I'm doing some Statistics revision, reading the brilliant and classic book '*Practical Statistics for Medical Research*' by Douglas G. Altman. It's super clear and well explained!

Just for fun, I'm doing the end-of-chapter exercises using R, and putting my answers here:

**Chapter 3: Describing Data**

**Exercise 3.1 (b)**

We can enter the data in R using:

> SI_without_adverse <- c(1.0, 1.2, 1.2, 1.7, 1.8, 1.8, 1.9, 2.0, 2.3, 2.8, 2.8, 3.4, 3.4, 3.8, 3.8, 4.2, 4.9, 5.4, 5.9, 6.2, 12.0, 18.8, 47.0, 70.0, 90.0, 90.0, 90.0, 90.0)

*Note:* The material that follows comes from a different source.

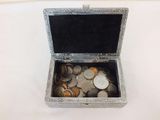 a small silver box filled with coins on a table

> length(SI_without_adverse)

[1] 28

> SI_with_adverse <- c(2.0, 2.0, 2.0, 3.0, 3.5, 5.3, 5.7, 6.5, 13.0, 13.0, 13.9, 14.7, 15.4, 15.7, 16.6, 16.6, 16.6, 22.0, 22.3, 33.2, 47.0, 61.0, 65.0, 65.0, 90.0, 90.0, 90.0, 90.0, 90.0, 90.0, 90.0, 90.0, 90.0, 90.0, 90.0, 90.0, 90.0)

> length(SI_with_adverse)

[1] 37

> hist(SI_without_adverse, col="red")

> hist(SI_with_adverse, col="red")

**Exercise 3.1 (d)**

> median(SI_without_adverse)

[1] 3.8

> median(SI_with_adverse)

[1] 22.3

**Exercise 3.1 (e)**

** **> SA_with_adverse <- c(360, 2010, 1390, 660, 1135, 510, 410, 910, 360, 1260, 560, 1135, 1410, 1110, 960, 1310, 910, 1235, 2950, 360, 1935, 1660, 435, 310, 310, 410, 690, 910, 1260, 1260, 1310, 1350, 1410, 1460, 1535, 1560, 2050)

> length(SA_with_adverse)

[1] 37

> median(SA_with_adverse)

[1] 1135

**Exercise 3.1 (f)**

> age_without_adverse <- c(44, 65, 58, 57, 51, 64, 33, 61, 49, 67, 39, 42, 35, 31, 37, 43, 39, 53, 44, 41, 72, 61, 48, 59, 72, 59, 71, 53)

> age_with_adverse <- c(53, 74, 29, 53, 67, 67, 54, 51, 57, 62, 51, 68, 50, 38, 61, 59, 68, 44, 57, 49, 49, 63, 29, 53, 53, 49, 42, 44, 59, 51, 46, 46, 41, 39, 62, 49, 53)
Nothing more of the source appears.